EXERCISE AIM
Your answer must be an exact copy of the lines from the one containing "Immatriculations du mois" through the last line of the records below, with no pictures; please include nothing else.

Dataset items

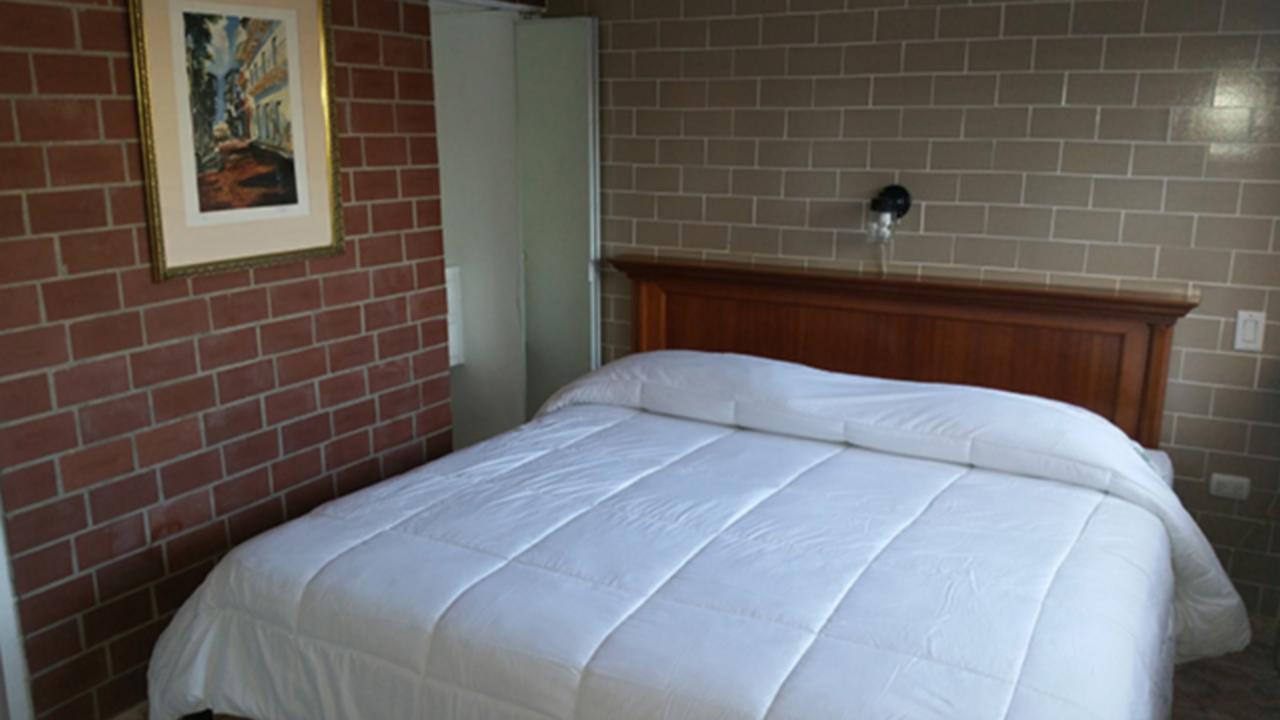 Hotel Rex Чітре Екстер'єр фото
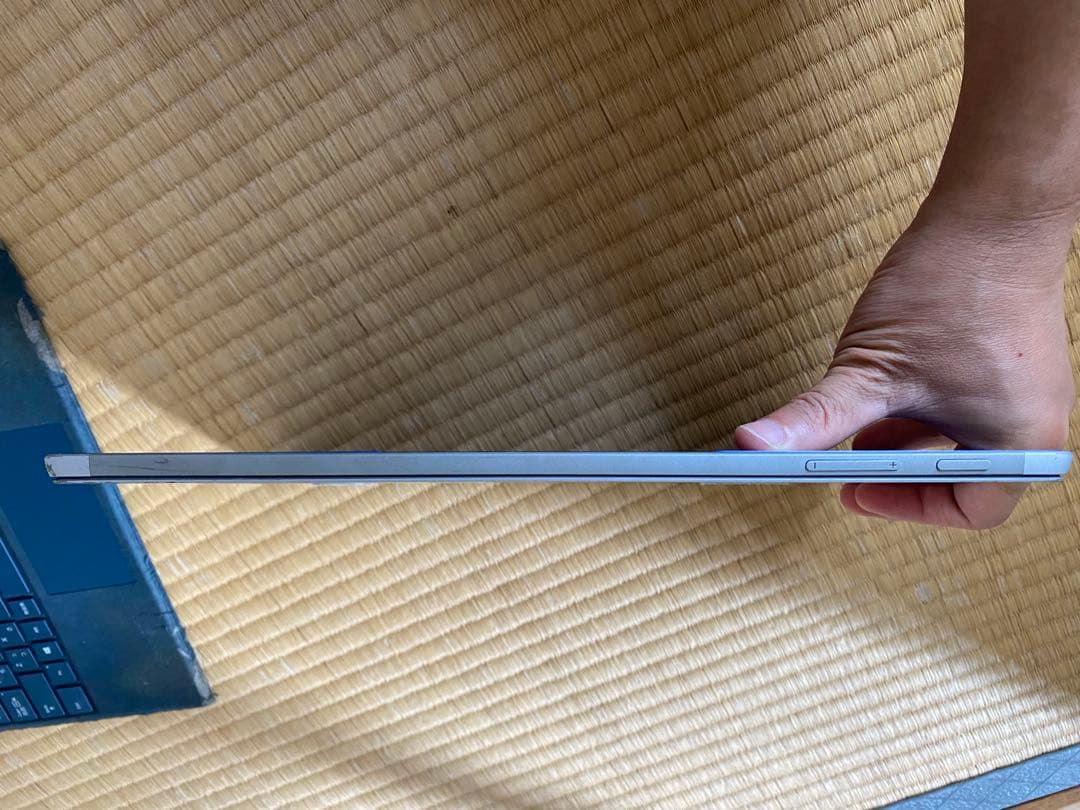 Surface Pro 5 core i5 メンモリ8GB SSD256GB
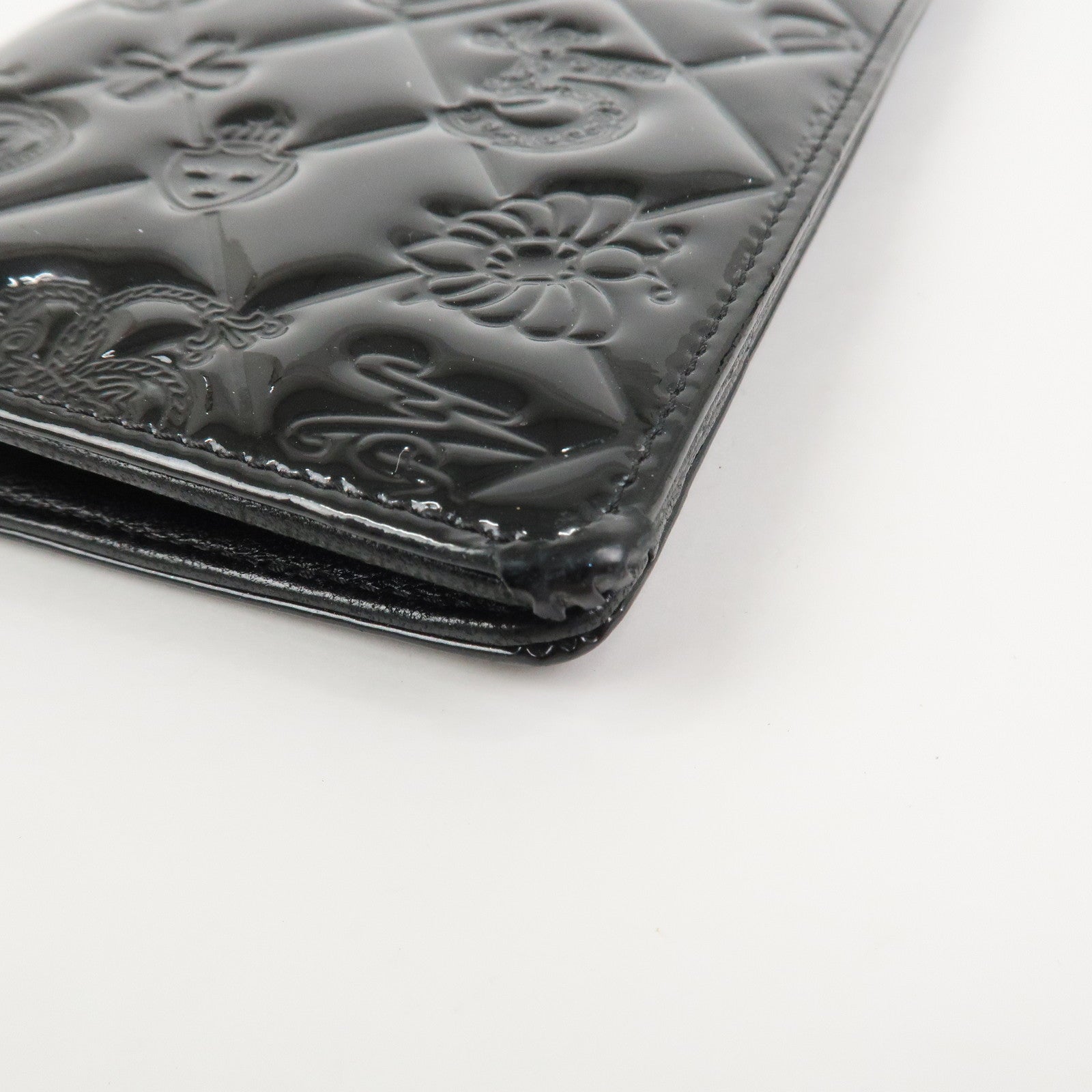 CHANEL Icon Line Patent Leather Bi-fold Long Wallet Black A37151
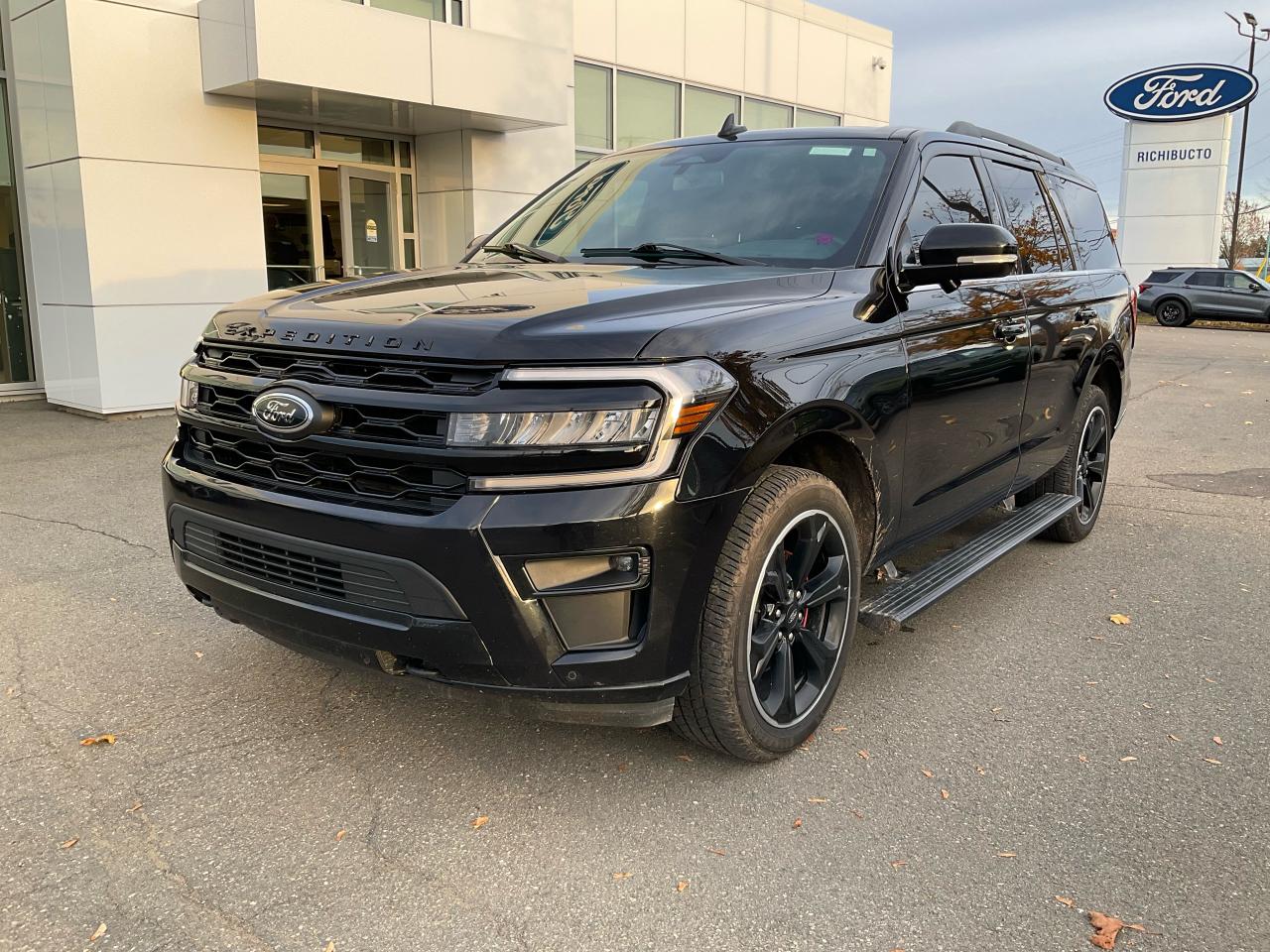 2023 Ford Expedition Limited  Photo0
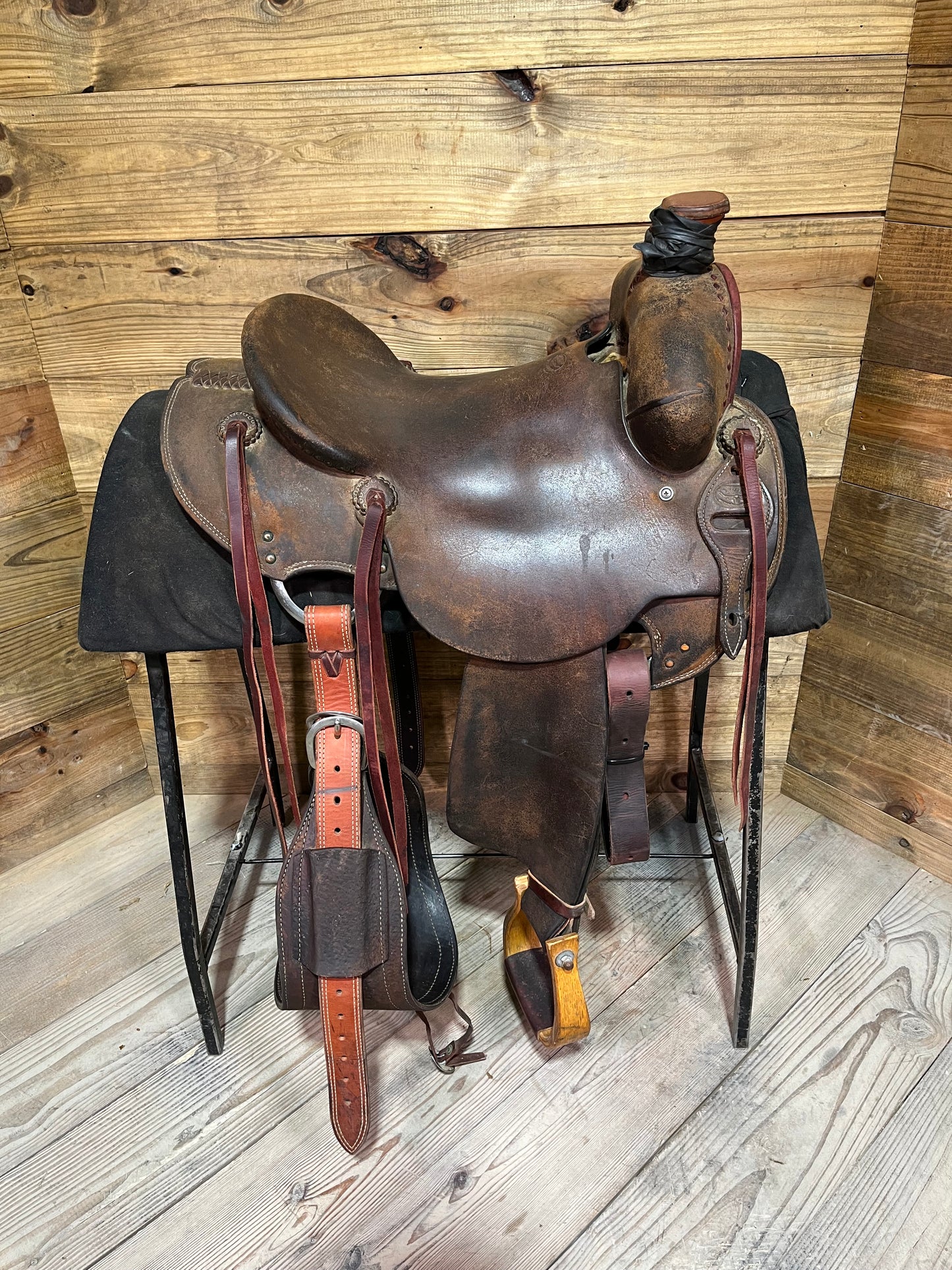 15” Cowpuncher Ranch Saddle ISUSED2332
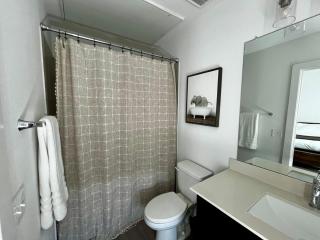 Elegant Home with Stunning Views and Comfortable Amenities - Leander - 9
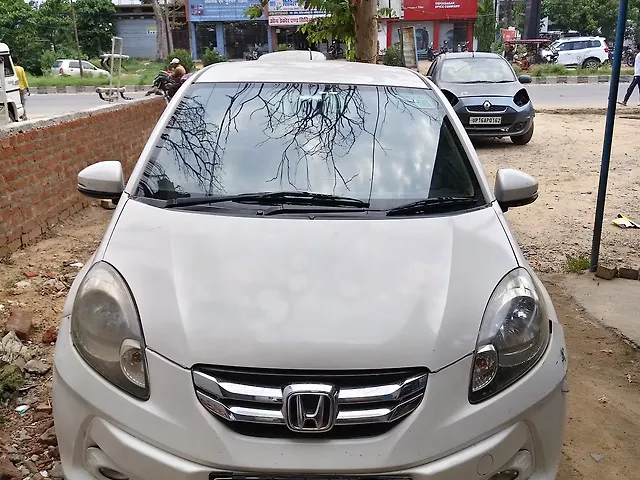 Used 2015 Honda Amaze in Deoria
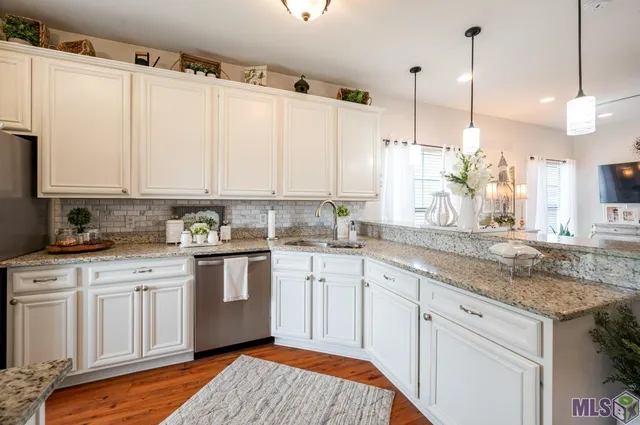 $1,375,000 | 33075 Rivergate Circle, Springfield, LA 70462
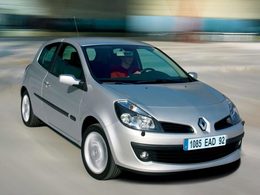 Immatriculations du mois de mai : Renault toujours dans le trio de tête, mais en baisse
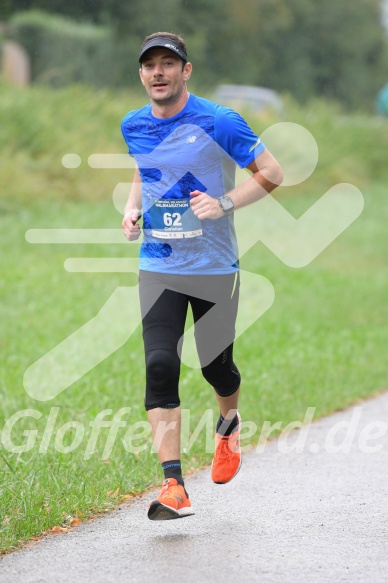 Hofmühlvolksfest-Halbmarathon Gloffer Werd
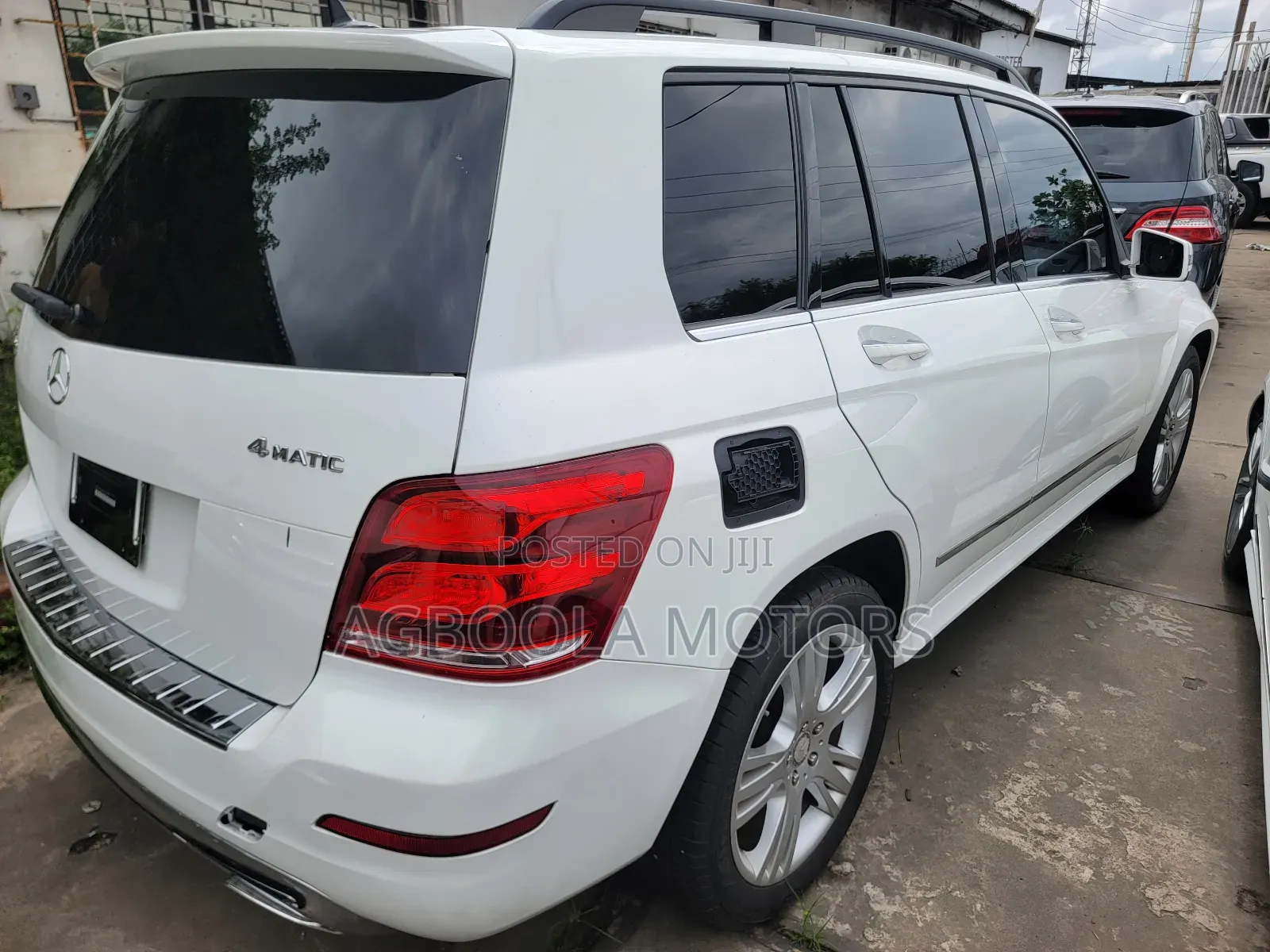 Mercedes-Benz GLK-Class 350 4MATIC 2014 White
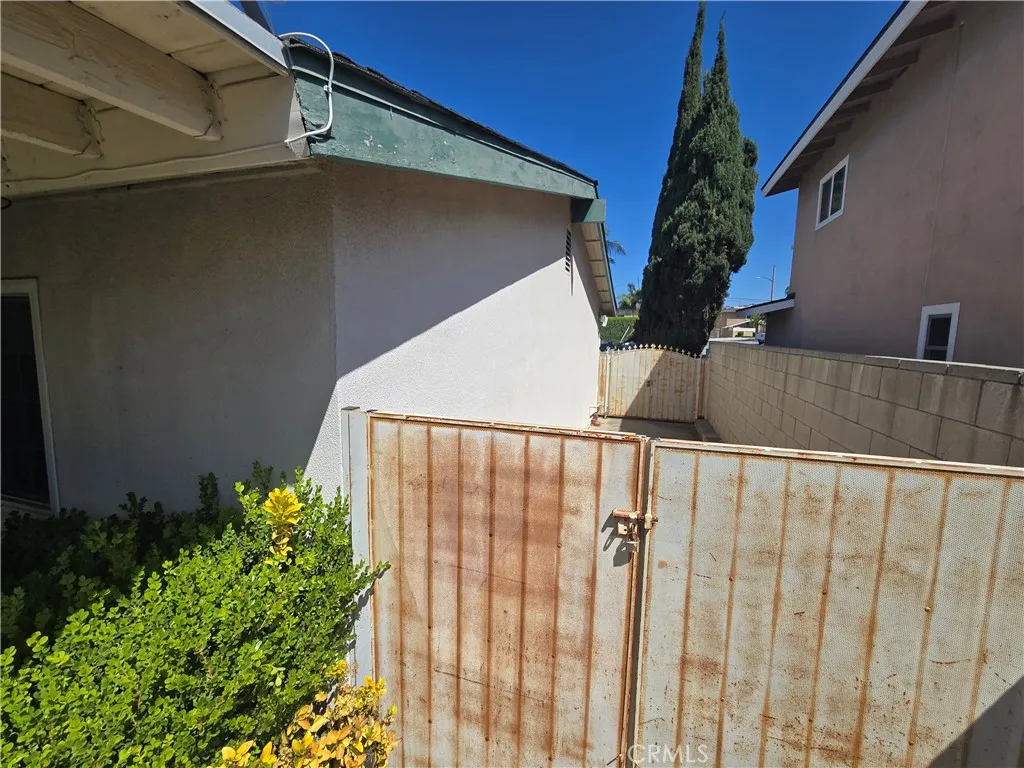 1430 W Hillandale Ave, La Habra, CA 90631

REPLY TO THE TASK
 Immatriculations du mois de mai : Renault toujours dans le trio de tête, mais en baisse
 Hofmühlvolksfest-Halbmarathon Gloffer Werd
 Mercedes-Benz GLK-Class 350 4MATIC 2014 White
 1430 W Hillandale Ave, La Habra, CA 90631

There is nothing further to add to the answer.